Dalam hal PNS yang hilang sebagaimana dimaksud ditemukan kembali dan masih hidup, berdasarkan PP ini, sanggup diangkat kembali sebagai PNS sepanjang yang bersangkutan belum mencapai Batas Usia Pensiun. Pengangkatan kembali sebagai PNS sebagaimana dimaksud dilakukan sehabis PNS yang bersangkutan diperiksa oleh PPK dan pihak Kepolisian Negara Republik Indonesia (Polri).

“Dalam hal berdasarkan hasil investigasi sebagaimana dimaksud terbukti hilang alasannya kemauan dan kemampuan yang bersangkutan, PNS yang bersangkutan dijatuhi sanksi disiplin sesuai dengan ketentuan peraturan perundang-undangan,” suara Pasal 245 ayat (3) PP ini.

PP ini  menegaskan, PNS sanggup diberhentikan dengan hormat atau tidak diberhentikan alasannya dieksekusi penjara berdasarkan putusan pengadilan yang telah mempunyai kekuatan aturan tetap alasannya melaksanakan tindak pidana dengan sanksi pidana penjara paling singkat 2 (dua) tahun dan pidana yang dilakukan tidak berencana.

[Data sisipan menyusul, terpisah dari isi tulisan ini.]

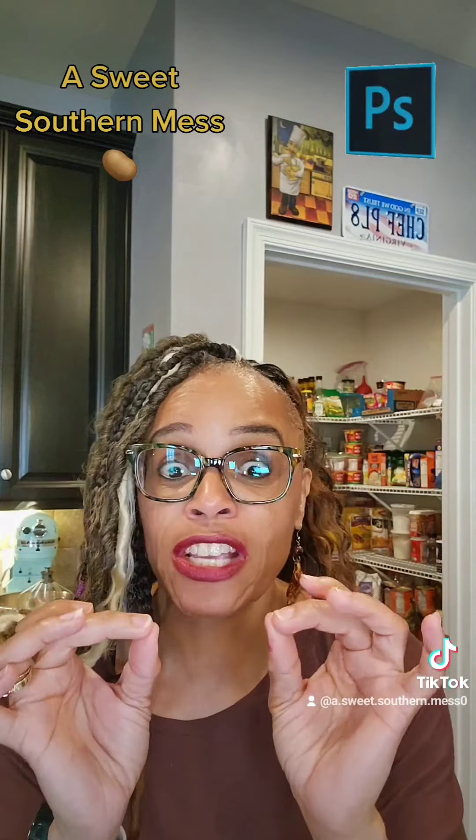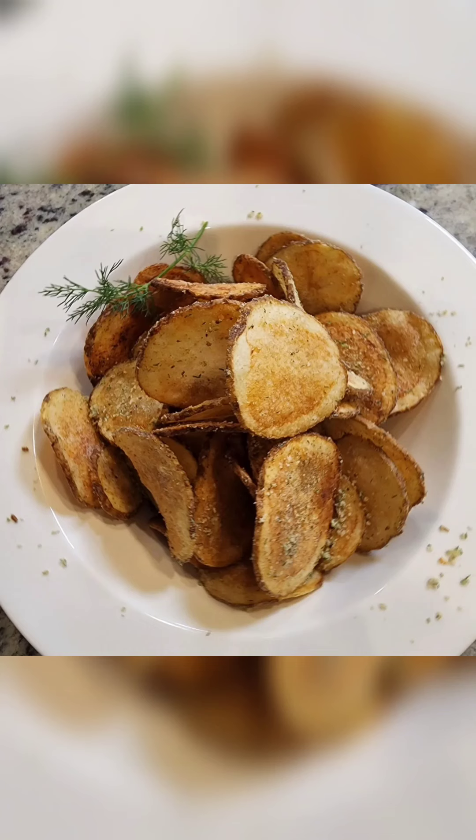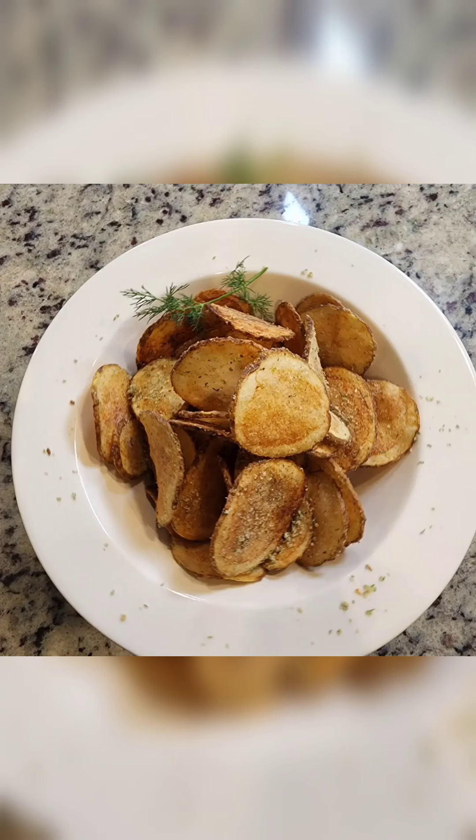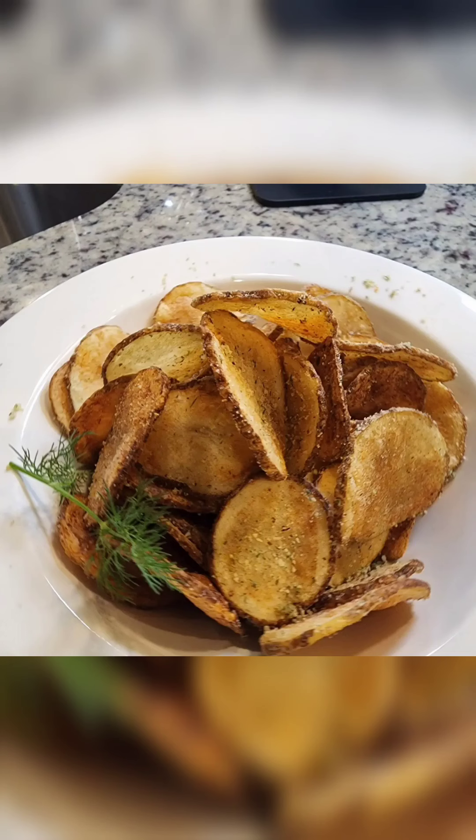See y'all next wheelie mill. Bye. There ain't nothing like a nice, enjoyable bag of Lay's sour cream and onion tater chips, Darlings. If you're in the middle of the night or on the weekend and you just can't get to the store, grab you some taters, scoop up this recipe, and Darlings, you can have all that you like. Go put some Southern on your plates and in your mouth. Thanks for watching.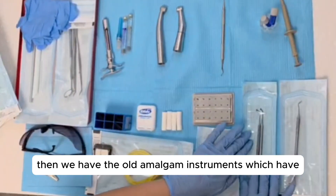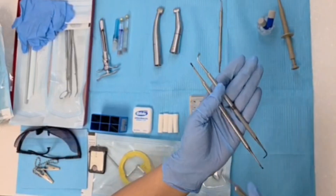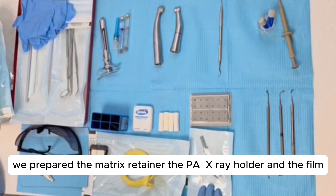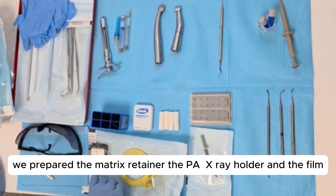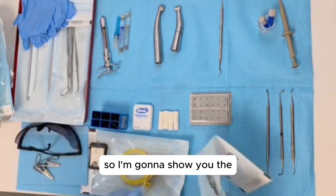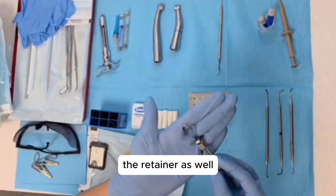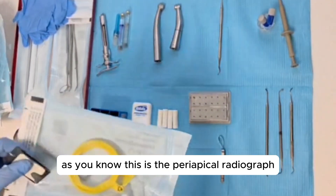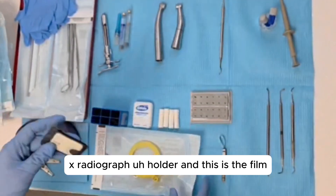Then we have the amalgam instruments, which include the amalgam packer and amalgam carver. Additionally, we prepared the matrix retainer, the periapical x-ray holder, and the film. This is the retainer, this is the periapical radiograph holder, and this is the film.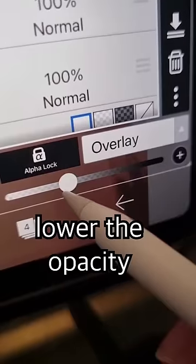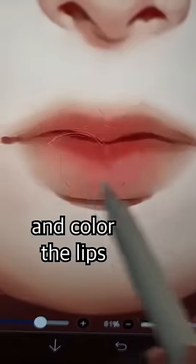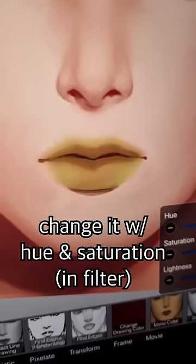Create an overlay layer, lower the opacity, choose any color you like, and color the lips. If you don't like the color, change it with hue and saturation.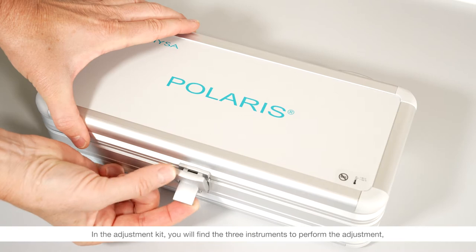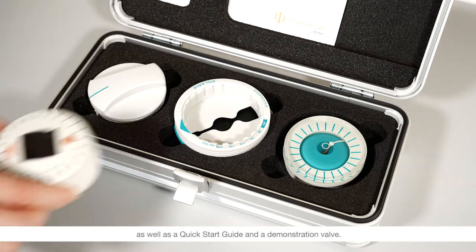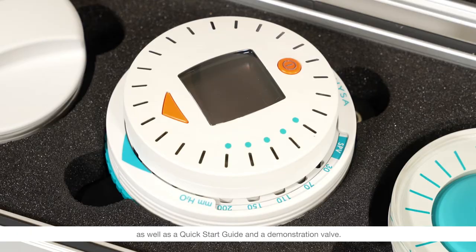In the adjustment kit you will find the three instruments to perform the adjustment, as well as a quick start guide and a demonstration valve.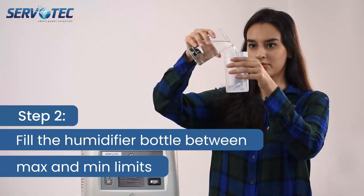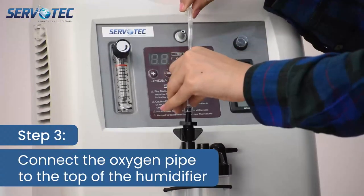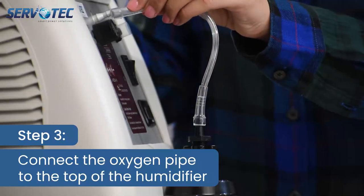Step 2: Fill the humidifier bottle within limits. Step 3: Connect the oxygen pipe to the top of the humidifier.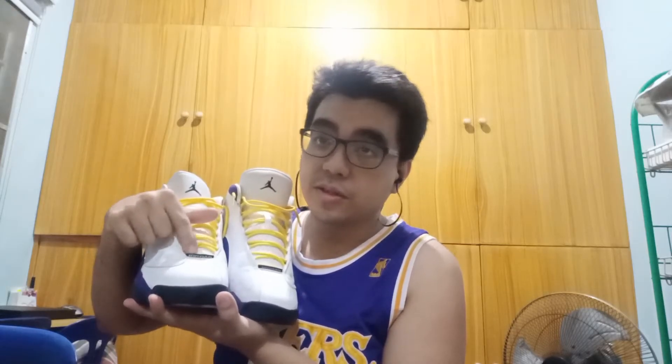This is the part I really like — the back — because you can see the hologram there. What I really love about this shoe is how incredibly soft the leather is. It's really comfortable on the foot. My wish for this shoe is that they had made the Jordan name here in yellow — the Jumpman logo too.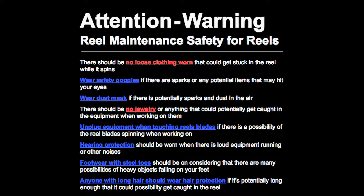Unplug equipment when touching reel blades if there is a possibility of the reel blades spinning when working on them. Hearing protection should be worn when there is loud equipment running or other noises. Footwear with steel toes should be worn considering there are many possibilities of heavy objects falling on your feet. Anyone with long hair should wear hair protection if it is potentially long enough to get caught in the reel.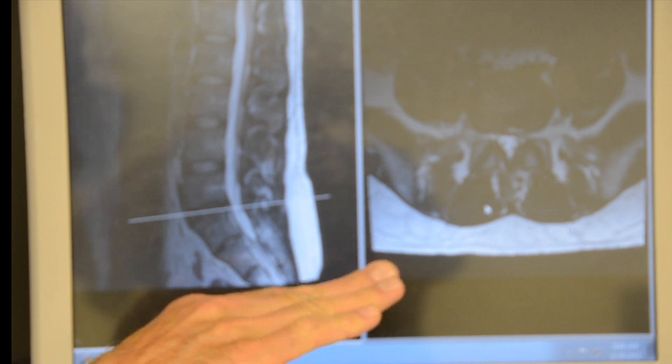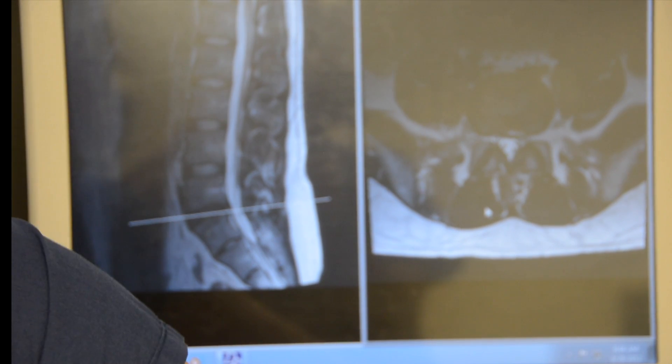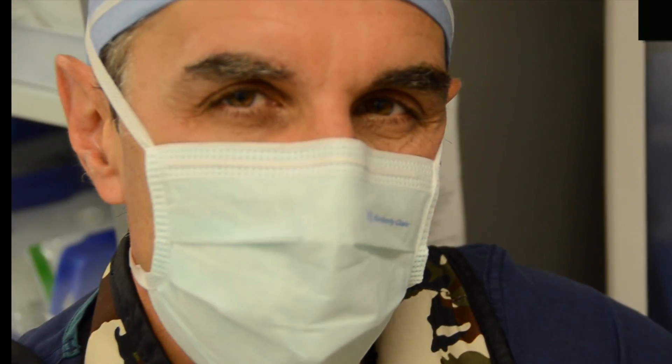You'll see that going in — we'll put it into the disc space, restore the disc height, and get him normal motion in the spine, and hopefully take care of his low back pain and get him back to normal function quickly, usually in around four weeks. I'm Dr. Larson, let's get started.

PNS yang dipidana dengan pidana penjara 2 (dua) tahun atau lebih berdasarkan putusan pengadilan yang telah mempunyai kekuatan aturan tetap alasannya melaksanakan tindak pidana tidak dengan berencana, berdasarkan PP ini, tidak diberhentikan sebagai PNS apabila: a. perbuatannya tidak menurunkan harkat dan martabat dari PNS; b. mempunyai prestasi kerja yang baik; c. tidak mensugesti lingkungan kerja sehabis diaktifkan kembali; dan d. tersedia lowongan Jabatan.

“PNS yang tidak diberhentikan sebagaimana dimaksud, selama yang bersangkutan menjalani pidana penjara maka tetap bersatus sebagai PNS dan tidak mendapatkan hak kepegawaiannya hingga diaktifkan kembali sebagai PNS,” suara Pasal 249 ayat (1) PP ini.

PNS sebagaimana dimaksud diaktilkan kembali sebagai PNS apabila tersedia lowongan Jabatan. Dalam hal tidak tersedia lowongan jabatan, berdasarkan PP ini, dalam jangka waktu paling usang 2 (dua) tahun, PNS yang bersangkutan diberhentikan dengan hormat.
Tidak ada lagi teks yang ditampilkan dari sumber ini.